Guest Contributor | Feb 27, 2024 | 0
Medical aid funds in tight spot between regulator and service providers
The Namibia Financial Services Supervisory Authority (NAMFISA) is tasking medical aid funds to come up with solutions to arrest the dramatic rise in membership costs following Covid-19.
Namfisa Chief Executive, Kenny Matomola commented “Amidst the backdrop of rising healthcare costs, we invite medical aid funds to explore innovative solutions for alleviating financial burdens on individuals and families, urging collaboration with medical service providers and administrators to establish a new pricing equilibrium that prioritizes affordability and sustainability. This initiative aligns with NAMFISA’s mission to regulate and supervise financial institutions in the public interest.”
NAMFISA has implemented a temporary cap on some funds’ annual contribution increases limiting it to a maximum of 9.99%.

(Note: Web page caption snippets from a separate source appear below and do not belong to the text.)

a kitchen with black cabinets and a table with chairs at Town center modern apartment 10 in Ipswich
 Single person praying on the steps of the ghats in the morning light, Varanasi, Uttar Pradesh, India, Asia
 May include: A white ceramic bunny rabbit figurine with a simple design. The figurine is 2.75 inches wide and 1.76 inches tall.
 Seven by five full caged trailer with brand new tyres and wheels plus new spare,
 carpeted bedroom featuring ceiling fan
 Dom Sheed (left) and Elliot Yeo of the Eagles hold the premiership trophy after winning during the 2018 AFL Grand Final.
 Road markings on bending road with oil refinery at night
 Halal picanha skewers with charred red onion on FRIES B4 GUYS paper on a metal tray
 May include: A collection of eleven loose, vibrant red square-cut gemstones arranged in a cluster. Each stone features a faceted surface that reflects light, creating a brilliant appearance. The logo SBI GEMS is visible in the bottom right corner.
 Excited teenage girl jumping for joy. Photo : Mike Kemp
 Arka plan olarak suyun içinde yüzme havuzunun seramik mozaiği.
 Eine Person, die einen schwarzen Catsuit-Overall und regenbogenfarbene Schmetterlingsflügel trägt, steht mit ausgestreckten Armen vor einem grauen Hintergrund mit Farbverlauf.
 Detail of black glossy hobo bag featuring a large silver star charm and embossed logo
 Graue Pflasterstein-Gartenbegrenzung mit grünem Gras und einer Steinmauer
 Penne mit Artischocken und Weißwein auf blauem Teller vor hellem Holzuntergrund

The industry has been given until 20 March 2024, to submit additional contribution increase applications along with realistic medium-term strategies to address the sustainability of the funds.
The authority is also concerned about statutory solvency ratios, noting that funds usually pass these deficits on to members. The authority does not list a temporary reduction of solvency ratios as an interim means to relieve the pressure on funds.
NAMFISA said in a statement that concerns were raised regarding the lack of realistic and measurable medium-term strategic plans during the 2024 Rule Amendment Approval process, questioning the credibility of certain medical aid funds’ solvency forecasts.
“Recognizing the urgency to curb escalating contribution rates, NAMFISA calls on medical aid funds to engage in renegotiations with both medical and non-medical service providers.”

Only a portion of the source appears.